If you’re going to make a splash in the burgeoning 360-video camera field, one way of doing so is packing in bleeding-edge specs. That’s what Garmin has done with the VIRB 360, a camera that at a bare minimum captures spherical video up to 5.7K and at 30 frames per second and takes 15-megapixel stills.
It’s the brand’s entrée into 360 capture and will expand its action cam range when it goes on sale this month for £650 / $800. That’s not cheap, but it is out of the door before GoPro’s 360 Fusion model arrives later this year.
It makes a spherical image by using two fisheye lenses facing opposite directions.
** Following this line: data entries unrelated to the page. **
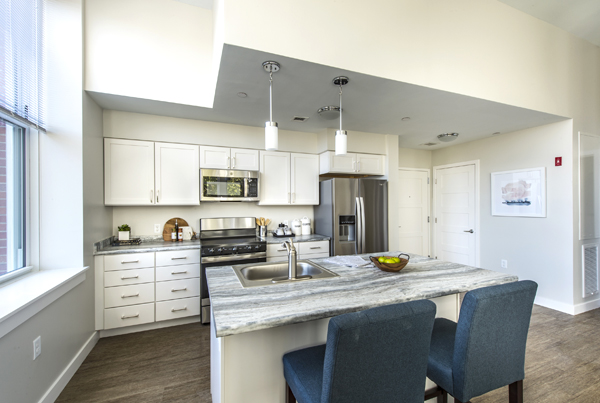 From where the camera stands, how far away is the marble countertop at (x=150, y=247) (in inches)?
105

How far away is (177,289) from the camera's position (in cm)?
294

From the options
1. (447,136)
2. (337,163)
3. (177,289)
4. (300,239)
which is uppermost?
(447,136)

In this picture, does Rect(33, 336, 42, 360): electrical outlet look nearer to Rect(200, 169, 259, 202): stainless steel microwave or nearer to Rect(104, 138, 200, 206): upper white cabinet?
Rect(104, 138, 200, 206): upper white cabinet

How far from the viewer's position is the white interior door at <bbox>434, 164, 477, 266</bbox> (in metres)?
4.48

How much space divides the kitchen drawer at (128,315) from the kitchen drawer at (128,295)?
5 cm

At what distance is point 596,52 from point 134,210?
6377mm

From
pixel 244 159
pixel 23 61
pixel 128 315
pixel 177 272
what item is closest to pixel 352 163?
pixel 244 159

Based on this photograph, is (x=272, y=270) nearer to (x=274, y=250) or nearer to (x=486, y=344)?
(x=486, y=344)

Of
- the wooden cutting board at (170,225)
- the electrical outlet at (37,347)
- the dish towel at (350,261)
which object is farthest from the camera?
the wooden cutting board at (170,225)

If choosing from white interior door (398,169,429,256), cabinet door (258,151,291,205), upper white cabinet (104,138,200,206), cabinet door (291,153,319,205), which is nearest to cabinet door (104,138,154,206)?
upper white cabinet (104,138,200,206)

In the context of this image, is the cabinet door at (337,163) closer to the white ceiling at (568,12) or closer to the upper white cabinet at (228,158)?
the upper white cabinet at (228,158)

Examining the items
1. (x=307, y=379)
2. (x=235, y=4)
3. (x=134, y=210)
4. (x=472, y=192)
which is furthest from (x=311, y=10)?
(x=472, y=192)

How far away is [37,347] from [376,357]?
6.92 ft

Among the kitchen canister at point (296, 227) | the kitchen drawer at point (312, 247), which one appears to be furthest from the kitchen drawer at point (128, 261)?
the kitchen canister at point (296, 227) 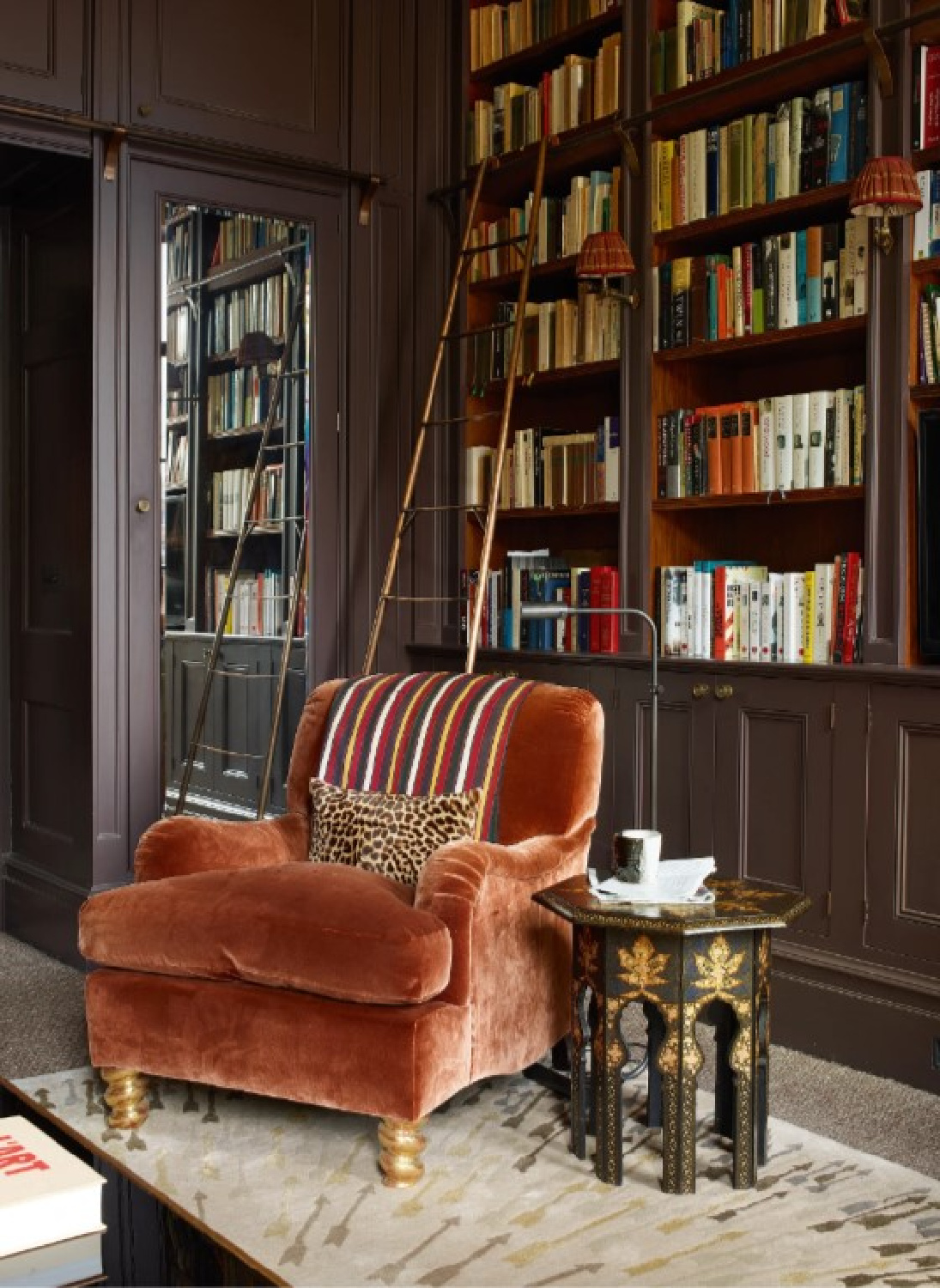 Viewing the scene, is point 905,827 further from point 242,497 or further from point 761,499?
point 242,497

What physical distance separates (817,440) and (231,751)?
196 cm

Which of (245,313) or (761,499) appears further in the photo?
(245,313)

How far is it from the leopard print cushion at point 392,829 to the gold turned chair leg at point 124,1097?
0.57 meters

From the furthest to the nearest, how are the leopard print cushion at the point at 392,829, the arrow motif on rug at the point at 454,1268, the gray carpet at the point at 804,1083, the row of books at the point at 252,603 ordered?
the row of books at the point at 252,603, the leopard print cushion at the point at 392,829, the gray carpet at the point at 804,1083, the arrow motif on rug at the point at 454,1268

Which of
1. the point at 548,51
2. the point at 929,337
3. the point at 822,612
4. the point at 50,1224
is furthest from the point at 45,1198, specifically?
the point at 548,51

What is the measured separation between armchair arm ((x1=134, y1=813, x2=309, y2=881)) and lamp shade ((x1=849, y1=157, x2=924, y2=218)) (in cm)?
190

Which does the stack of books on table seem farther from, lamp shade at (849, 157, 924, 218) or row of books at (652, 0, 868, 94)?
row of books at (652, 0, 868, 94)

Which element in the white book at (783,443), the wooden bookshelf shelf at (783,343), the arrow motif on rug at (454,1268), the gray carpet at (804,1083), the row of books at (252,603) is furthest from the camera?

Images from the dual cameras are stitched into a sphere automatically, making the video instantly ready to share, instead of offloading that processing to your phone.
Worth noting is that unstitched the resolution is 5.7K. The output resolution when using the in-camera stitching is 4K/30fps.
If you edit the video within Garmin’s VIRB Edit apps for mobile and desktop, you can apply 4K spherical stabilisation to smooth out the video.
Four built-in microphones work together to capture 360-degree audio to match the video. Aside from 15-megapixel spherical single images it will shoot, it will burst shots and time-lapse videos.
There’s a live-streaming feature, which is compatible with YouTube and Facebook Live. All told, users should expect about an hour and a bit of battery life, depending on which modes and settings they use.
Perhaps most ‘bleeding edge’ is the incorporation of augmented reality overlays. This is the type of thing Garmin introduced in its VIRB Ultra 30 model last year, but the VIRB 360 takes it a step further.
Loaded with sensors like an accelerometer, barometer, gyroscope, compass, GPS and the Russian version GLONASS for good measure, all of that so-called ‘G-Metrix’ data can be overlaid on the 360 video. Paired with Bluetooth or ANT+ sensors you have strapped to your body, you can plug yet more data, such as heart rate, into your video.
For adrenalin junkies it will even calculate stats like hang time and jump height. Backing up its action cam credentials, the unit is waterproof too — apparently to a depth of 30 feet (10 metres) without a case — and it’s voice-controlled so you can be hands-free and just yell “OK Garmin, start recording” as the next wave rolls in.